***** Records for this task *****
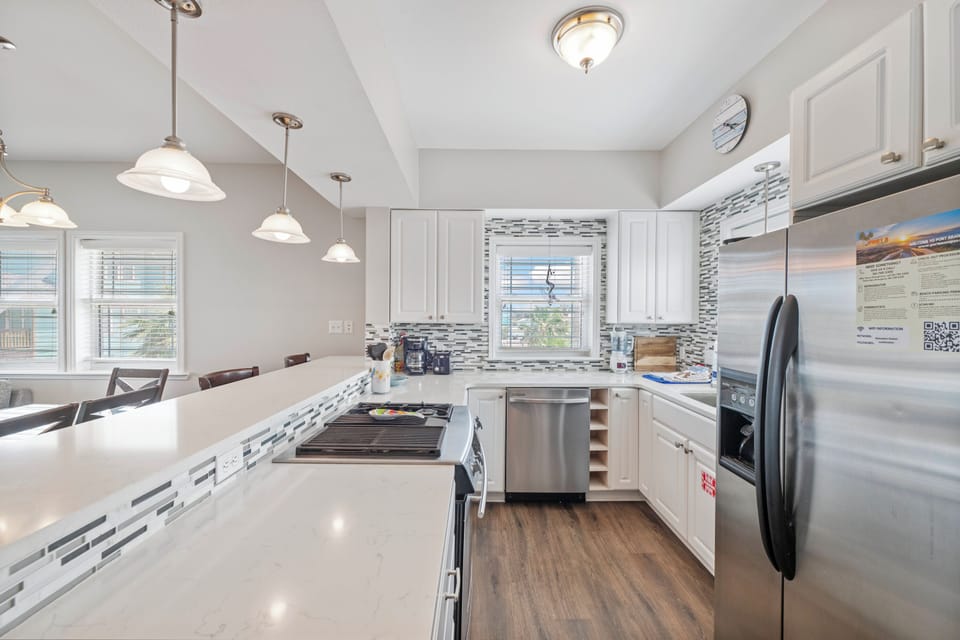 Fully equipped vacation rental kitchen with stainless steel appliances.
*****
***** Records for this task *****
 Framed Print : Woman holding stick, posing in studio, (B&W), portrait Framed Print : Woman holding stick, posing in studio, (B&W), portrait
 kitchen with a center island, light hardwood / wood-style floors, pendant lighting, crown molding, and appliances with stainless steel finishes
*****
● Prompt
From the material above, set down exactly the lines between the line holding "(B&W), portrait Framed" and the line holding "kitchen with a", inclusive. Include nothing else.

● Output
 Framed Print : Woman holding stick, posing in studio, (B&W), portrait Framed Print : Woman holding stick, posing in studio, (B&W), portrait
 kitchen with a center island, light hardwood / wood-style floors, pendant lighting, crown molding, and appliances with stainless steel finishes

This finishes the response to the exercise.